### Information given
——————
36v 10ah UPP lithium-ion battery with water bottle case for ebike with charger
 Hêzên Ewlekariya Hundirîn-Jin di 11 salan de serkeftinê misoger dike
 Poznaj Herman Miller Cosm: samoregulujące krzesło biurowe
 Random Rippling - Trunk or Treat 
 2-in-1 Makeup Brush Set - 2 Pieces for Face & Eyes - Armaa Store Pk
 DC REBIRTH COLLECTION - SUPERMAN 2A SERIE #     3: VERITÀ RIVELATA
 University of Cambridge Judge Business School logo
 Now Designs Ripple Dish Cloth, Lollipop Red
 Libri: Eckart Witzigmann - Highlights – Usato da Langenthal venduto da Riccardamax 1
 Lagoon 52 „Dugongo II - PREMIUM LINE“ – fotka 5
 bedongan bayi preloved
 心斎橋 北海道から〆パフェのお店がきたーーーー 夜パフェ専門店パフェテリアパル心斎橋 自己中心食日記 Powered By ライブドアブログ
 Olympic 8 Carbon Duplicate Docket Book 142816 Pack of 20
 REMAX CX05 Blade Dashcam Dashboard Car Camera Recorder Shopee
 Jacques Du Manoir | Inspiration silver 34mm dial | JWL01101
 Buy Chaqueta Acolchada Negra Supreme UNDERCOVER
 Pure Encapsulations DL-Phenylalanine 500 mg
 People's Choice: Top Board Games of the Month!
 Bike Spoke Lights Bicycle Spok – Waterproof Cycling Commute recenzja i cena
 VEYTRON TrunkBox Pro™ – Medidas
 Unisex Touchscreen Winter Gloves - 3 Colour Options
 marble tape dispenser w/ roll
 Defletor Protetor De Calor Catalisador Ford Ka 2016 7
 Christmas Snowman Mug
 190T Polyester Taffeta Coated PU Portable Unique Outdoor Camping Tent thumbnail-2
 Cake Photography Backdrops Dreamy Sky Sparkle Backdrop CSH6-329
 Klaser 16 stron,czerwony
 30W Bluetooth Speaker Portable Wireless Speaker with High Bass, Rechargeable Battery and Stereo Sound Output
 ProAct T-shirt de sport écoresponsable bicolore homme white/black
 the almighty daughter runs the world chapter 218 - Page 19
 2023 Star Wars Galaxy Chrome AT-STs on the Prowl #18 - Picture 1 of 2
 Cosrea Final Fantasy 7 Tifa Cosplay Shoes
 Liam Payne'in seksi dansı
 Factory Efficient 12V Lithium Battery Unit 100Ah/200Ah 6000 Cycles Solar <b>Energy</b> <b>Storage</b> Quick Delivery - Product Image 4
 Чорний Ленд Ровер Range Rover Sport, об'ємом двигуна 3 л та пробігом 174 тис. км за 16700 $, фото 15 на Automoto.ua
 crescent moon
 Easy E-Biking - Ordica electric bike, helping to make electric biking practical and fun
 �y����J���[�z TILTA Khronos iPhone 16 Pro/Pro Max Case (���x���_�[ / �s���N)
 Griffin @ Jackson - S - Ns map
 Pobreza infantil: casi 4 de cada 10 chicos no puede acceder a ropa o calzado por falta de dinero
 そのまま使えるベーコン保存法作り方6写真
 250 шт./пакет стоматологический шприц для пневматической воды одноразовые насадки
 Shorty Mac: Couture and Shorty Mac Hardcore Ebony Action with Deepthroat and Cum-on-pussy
——————
### Problem statement
Only these are to be transcribed: the line with "Factory Efficient 12V" and every line after it through the last line of the entries, each exactly.

### Answer to the problem
 Factory Efficient 12V Lithium Battery Unit 100Ah/200Ah 6000 Cycles Solar <b>Energy</b> <b>Storage</b> Quick Delivery - Product Image 4
 Чорний Ленд Ровер Range Rover Sport, об'ємом двигуна 3 л та пробігом 174 тис. км за 16700 $, фото 15 на Automoto.ua
 crescent moon
 Easy E-Biking - Ordica electric bike, helping to make electric biking practical and fun
 �y����J���[�z TILTA Khronos iPhone 16 Pro/Pro Max Case (���x���_�[ / �s���N)
 Griffin @ Jackson - S - Ns map
 Pobreza infantil: casi 4 de cada 10 chicos no puede acceder a ropa o calzado por falta de dinero
 そのまま使えるベーコン保存法作り方6写真
 250 шт./пакет стоматологический шприц для пневматической воды одноразовые насадки
 Shorty Mac: Couture and Shorty Mac Hardcore Ebony Action with Deepthroat and Cum-on-pussy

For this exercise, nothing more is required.